Take the lines below between the one holding "카세트테이프 동물원1집(김광석)/인하--3" and the one holding "атлас по истории", inclusive, and copy them exactly. Add nothing.

-------- INFORMATION SHOWN --------

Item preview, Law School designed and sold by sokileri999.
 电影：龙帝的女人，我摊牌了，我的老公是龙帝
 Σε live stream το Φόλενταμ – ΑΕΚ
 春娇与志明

--------
-------- INFORMATION SHOWN --------

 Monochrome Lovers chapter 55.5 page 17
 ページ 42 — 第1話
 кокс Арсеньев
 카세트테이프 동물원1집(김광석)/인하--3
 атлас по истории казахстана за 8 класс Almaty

--------

- SOLUTION:
 카세트테이프 동물원1집(김광석)/인하--3
 атлас по истории казахстана за 8 класс Almaty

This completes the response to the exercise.